[Short descriptive text snippets]
=== Section Start ===
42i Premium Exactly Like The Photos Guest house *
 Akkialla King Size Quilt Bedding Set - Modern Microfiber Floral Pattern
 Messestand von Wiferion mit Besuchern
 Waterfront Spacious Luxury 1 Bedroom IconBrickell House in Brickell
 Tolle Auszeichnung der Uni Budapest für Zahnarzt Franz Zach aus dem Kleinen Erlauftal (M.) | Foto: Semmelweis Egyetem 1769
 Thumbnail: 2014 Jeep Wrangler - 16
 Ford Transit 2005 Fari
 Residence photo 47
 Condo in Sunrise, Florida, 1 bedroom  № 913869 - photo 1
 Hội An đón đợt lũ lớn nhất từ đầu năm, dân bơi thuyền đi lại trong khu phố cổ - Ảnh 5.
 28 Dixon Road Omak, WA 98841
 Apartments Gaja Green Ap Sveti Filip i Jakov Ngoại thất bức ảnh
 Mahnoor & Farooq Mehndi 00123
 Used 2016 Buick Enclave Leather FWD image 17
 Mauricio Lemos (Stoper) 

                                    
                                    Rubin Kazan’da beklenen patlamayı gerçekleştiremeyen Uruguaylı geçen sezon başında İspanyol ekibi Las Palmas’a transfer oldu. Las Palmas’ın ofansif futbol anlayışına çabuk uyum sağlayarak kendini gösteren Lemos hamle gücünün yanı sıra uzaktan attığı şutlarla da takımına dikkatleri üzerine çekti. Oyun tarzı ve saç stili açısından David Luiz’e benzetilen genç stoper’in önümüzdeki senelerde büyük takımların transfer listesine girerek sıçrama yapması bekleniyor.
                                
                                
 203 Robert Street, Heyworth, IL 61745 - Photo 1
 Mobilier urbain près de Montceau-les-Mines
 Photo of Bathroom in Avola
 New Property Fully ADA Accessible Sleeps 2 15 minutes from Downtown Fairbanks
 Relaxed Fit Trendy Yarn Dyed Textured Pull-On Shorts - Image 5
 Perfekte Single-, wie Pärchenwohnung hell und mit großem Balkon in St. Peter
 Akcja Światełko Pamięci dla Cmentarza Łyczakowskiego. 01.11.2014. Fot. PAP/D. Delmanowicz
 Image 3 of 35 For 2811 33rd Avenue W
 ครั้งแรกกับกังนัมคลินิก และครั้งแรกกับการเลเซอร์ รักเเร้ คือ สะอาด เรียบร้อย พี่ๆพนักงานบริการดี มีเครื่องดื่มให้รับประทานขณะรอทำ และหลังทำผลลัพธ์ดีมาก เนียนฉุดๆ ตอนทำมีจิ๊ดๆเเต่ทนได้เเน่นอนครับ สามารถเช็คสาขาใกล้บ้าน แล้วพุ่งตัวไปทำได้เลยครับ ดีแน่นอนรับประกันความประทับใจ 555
=== Section End ===
● What is being asked
Among the records above, only the lines between the line holding "Used 2016 Buick Enclave Leather FWD image 17" and the line holding "Mauricio Lemos (Stoper)", inclusive, are to be output, exactly as written.

● Response
 Used 2016 Buick Enclave Leather FWD image 17
 Mauricio Lemos (Stoper) 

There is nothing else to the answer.